Thursday, November 20, 2008

U.S. Homeschooling Growing Quickly

A new study from Stanford University's Hoover Institution says that homeschooling in the United States grew 29% between 1999 and 2003.

I'd certainly be interested to know what the numbers are since 2003, which is the year we began homeschooling.

A survey last year showed that 45% of Americans know a homeschooling family, which is up from 40% the previous year.

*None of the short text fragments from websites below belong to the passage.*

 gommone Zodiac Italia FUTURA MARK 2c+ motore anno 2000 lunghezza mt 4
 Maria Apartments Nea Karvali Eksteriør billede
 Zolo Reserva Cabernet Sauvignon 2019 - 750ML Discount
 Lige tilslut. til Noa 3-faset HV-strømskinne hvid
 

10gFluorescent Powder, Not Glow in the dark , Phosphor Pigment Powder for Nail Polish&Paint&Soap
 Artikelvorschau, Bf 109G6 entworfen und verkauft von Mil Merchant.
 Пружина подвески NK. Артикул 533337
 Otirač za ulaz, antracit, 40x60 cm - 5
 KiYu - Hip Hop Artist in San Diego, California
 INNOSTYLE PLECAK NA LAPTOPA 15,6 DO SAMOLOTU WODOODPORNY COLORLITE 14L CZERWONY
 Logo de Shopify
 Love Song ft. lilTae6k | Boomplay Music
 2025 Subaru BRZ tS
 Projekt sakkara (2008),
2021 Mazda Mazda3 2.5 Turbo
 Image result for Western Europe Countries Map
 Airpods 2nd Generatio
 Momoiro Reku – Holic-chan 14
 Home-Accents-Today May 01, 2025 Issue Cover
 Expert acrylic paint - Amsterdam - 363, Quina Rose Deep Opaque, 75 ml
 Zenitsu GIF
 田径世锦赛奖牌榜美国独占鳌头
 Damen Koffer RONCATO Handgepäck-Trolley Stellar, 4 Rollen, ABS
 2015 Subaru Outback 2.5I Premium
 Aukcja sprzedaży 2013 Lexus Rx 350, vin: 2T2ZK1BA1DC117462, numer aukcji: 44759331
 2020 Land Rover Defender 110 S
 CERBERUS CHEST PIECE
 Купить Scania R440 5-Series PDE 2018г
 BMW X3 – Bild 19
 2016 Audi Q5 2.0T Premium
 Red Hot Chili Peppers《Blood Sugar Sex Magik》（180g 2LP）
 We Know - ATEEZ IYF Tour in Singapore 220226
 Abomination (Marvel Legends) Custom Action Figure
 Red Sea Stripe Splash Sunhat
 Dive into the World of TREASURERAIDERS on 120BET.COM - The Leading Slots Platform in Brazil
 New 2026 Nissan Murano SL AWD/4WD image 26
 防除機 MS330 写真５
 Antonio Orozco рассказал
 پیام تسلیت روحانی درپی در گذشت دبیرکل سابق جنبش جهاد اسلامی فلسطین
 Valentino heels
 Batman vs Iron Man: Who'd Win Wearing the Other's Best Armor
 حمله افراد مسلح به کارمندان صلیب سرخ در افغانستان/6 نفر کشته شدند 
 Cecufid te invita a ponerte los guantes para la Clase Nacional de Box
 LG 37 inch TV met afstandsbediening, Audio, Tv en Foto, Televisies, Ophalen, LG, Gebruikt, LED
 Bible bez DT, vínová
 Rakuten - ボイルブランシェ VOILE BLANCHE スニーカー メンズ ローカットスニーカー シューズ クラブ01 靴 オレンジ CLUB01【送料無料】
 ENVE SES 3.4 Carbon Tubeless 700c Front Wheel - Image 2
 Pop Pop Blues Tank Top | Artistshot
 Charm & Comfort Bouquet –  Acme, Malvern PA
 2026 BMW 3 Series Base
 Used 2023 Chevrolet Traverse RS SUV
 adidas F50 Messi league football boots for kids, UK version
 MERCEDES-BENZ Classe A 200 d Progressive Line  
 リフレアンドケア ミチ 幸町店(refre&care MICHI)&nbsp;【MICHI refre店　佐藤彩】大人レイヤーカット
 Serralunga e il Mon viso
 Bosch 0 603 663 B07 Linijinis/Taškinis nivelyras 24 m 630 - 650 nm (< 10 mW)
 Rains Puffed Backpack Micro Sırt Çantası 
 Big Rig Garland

I can certainly attest to these types of changes. A decade ago we didn't know any homeschoolers. Two of my closest friends -- neither of whom lives locally -- began homeschooling before I did, and after I started, my cousin checked out what my family was doing and took the plunge herself. She's now been homeschooling nearly as long as I have. Over the last few years my younger children have found local homeschoolers on their AYSO soccer teams, and my younger daughter's longtime Girl Scout leader became a homeschooler around the same time I did.

It seems that homeschooling is increasingly an ordinary fact of life, rather than being seeing as something exotic and unusual.

We have also noticed a surge in how many school-age children we see "out and about" during school hours. For instance, we go out to lunch with other homeschooling families a couple times a month, and we always see other families in the restaurants. Some of this can be accounted for by year-round students who are "off track," but it's highly unlikely that's the entire explanation, as there aren't all that many year-round schools in our area.

Over 75% of American colleges and universities now have admissions policies for homeschoolers, compared to just 10% in 1986.

USA Today had a good overview today of various options available for homeschooling families.